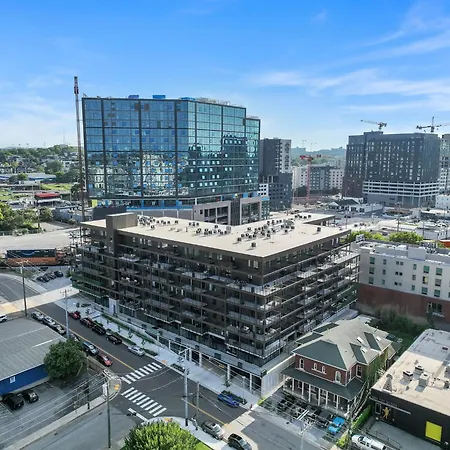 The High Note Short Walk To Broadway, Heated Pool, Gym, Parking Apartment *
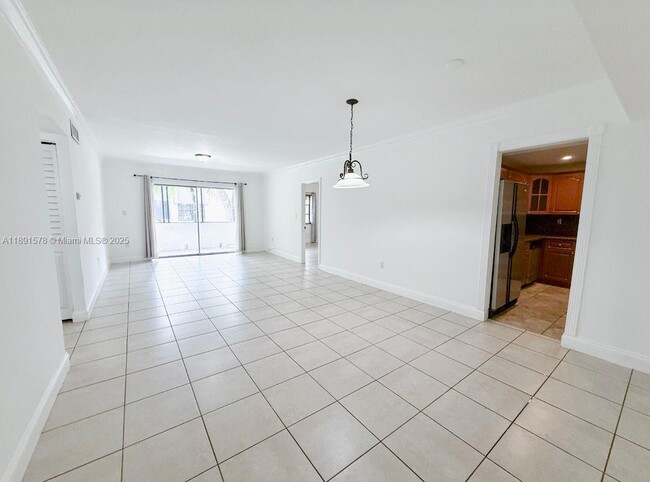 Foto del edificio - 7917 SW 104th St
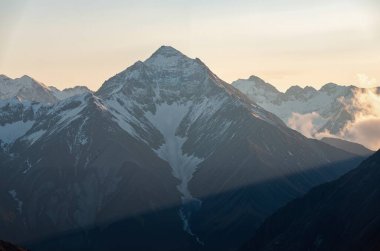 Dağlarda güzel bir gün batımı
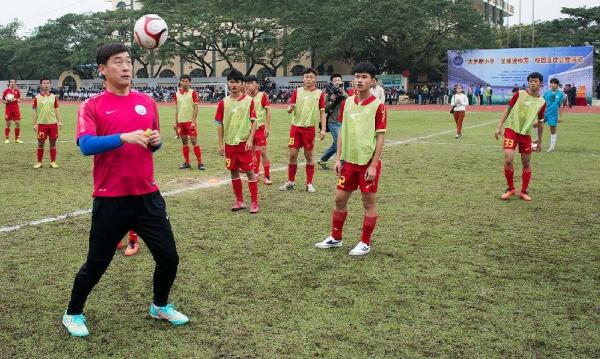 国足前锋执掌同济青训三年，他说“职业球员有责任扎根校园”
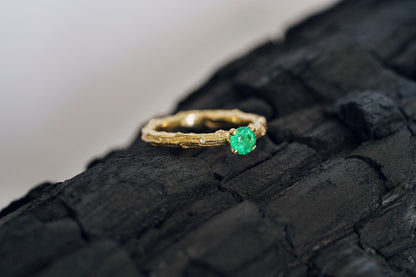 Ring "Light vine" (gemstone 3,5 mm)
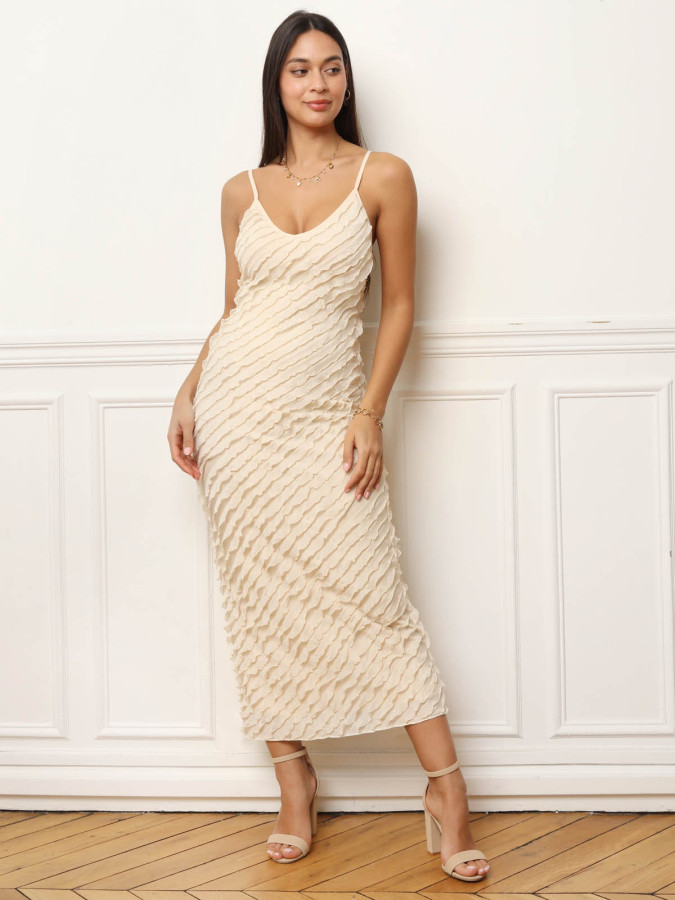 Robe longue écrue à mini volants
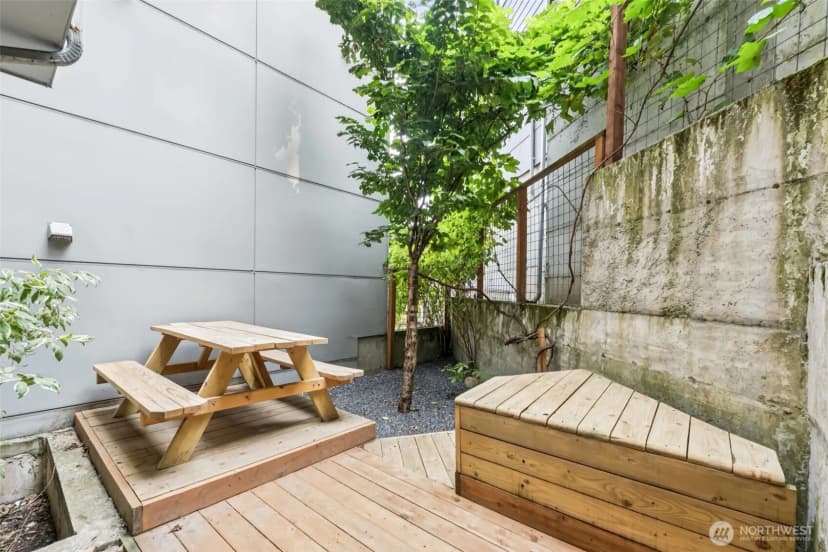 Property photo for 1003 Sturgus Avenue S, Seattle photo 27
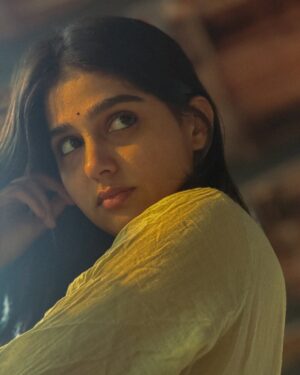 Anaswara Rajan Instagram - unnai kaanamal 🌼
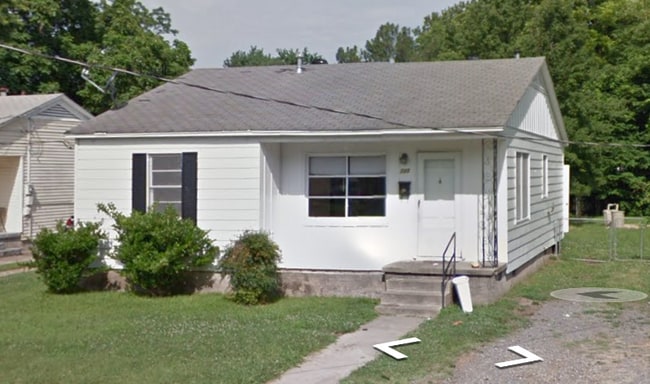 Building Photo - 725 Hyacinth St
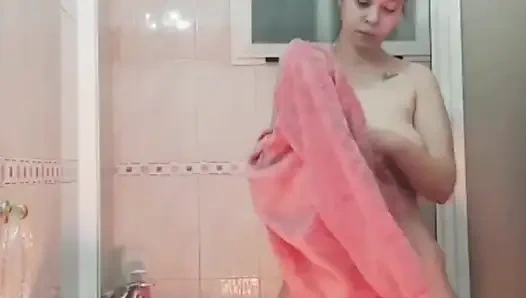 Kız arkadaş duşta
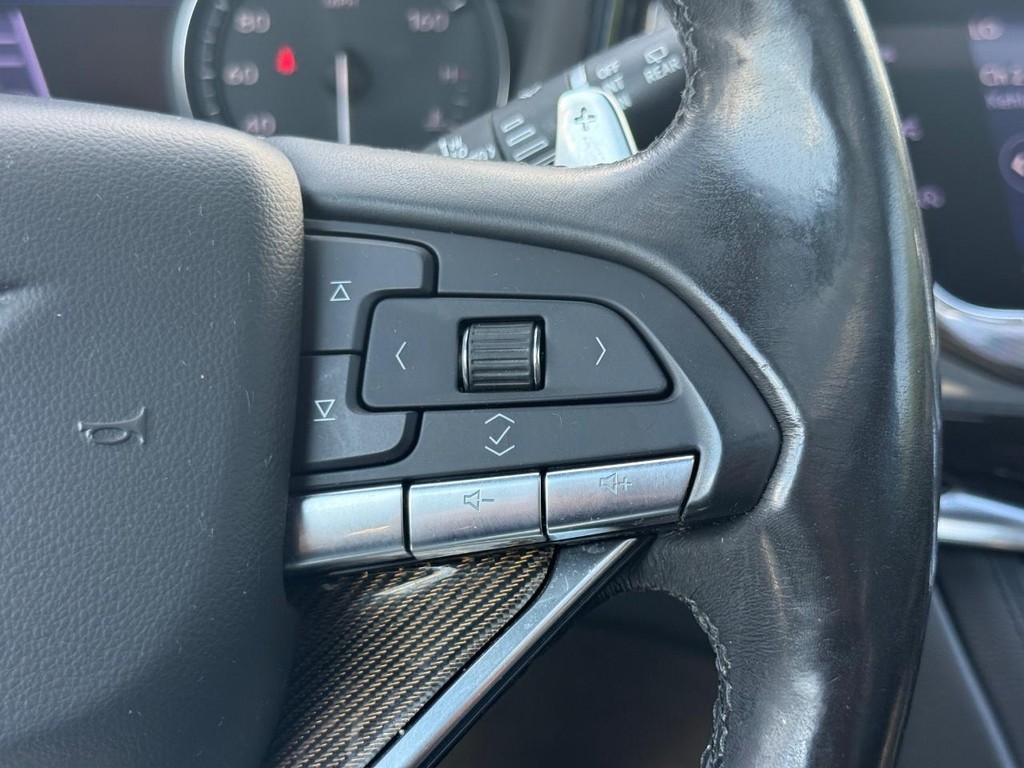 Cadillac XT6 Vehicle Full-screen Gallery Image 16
****************************************
Take the data above and repeat it exactly, leaving each picture out.

 The High Note Short Walk To Broadway, Heated Pool, Gym, Parking Apartment *
 Foto del edificio - 7917 SW 104th St
 Dağlarda güzel bir gün batımı
 国足前锋执掌同济青训三年，他说“职业球员有责任扎根校园”
 Ring "Light vine" (gemstone 3,5 mm)
 Robe longue écrue à mini volants
 Property photo for 1003 Sturgus Avenue S, Seattle photo 27
 Anaswara Rajan Instagram - unnai kaanamal 🌼
 Building Photo - 725 Hyacinth St
 Kız arkadaş duşta
 Cadillac XT6 Vehicle Full-screen Gallery Image 16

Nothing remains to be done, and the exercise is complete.